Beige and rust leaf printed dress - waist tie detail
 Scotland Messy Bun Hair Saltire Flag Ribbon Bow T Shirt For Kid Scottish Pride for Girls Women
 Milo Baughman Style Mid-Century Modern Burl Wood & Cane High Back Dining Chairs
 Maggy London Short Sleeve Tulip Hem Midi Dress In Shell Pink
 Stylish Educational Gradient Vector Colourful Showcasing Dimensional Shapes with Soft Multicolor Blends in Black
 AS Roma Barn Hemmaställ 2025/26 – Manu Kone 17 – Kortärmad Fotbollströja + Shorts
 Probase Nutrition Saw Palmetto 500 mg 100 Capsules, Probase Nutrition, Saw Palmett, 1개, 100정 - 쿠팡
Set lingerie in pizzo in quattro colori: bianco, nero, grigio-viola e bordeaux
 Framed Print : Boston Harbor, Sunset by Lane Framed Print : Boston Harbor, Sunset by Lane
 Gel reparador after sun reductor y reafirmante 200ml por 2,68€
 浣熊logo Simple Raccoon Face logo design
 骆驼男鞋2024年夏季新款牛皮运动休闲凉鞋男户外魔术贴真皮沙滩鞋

::::::::::

▸ Task brief:
Print exactly, and only, the lines running from the one that contains "Maggy London Short" to the last line of the records above.

▸ Result of this task:
 Maggy London Short Sleeve Tulip Hem Midi Dress In Shell Pink
 Stylish Educational Gradient Vector Colourful Showcasing Dimensional Shapes with Soft Multicolor Blends in Black
 AS Roma Barn Hemmaställ 2025/26 – Manu Kone 17 – Kortärmad Fotbollströja + Shorts
 Probase Nutrition Saw Palmetto 500 mg 100 Capsules, Probase Nutrition, Saw Palmett, 1개, 100정 - 쿠팡
Set lingerie in pizzo in quattro colori: bianco, nero, grigio-viola e bordeaux
 Framed Print : Boston Harbor, Sunset by Lane Framed Print : Boston Harbor, Sunset by Lane
 Gel reparador after sun reductor y reafirmante 200ml por 2,68€
 浣熊logo Simple Raccoon Face logo design
 骆驼男鞋2024年夏季新款牛皮运动休闲凉鞋男户外魔术贴真皮沙滩鞋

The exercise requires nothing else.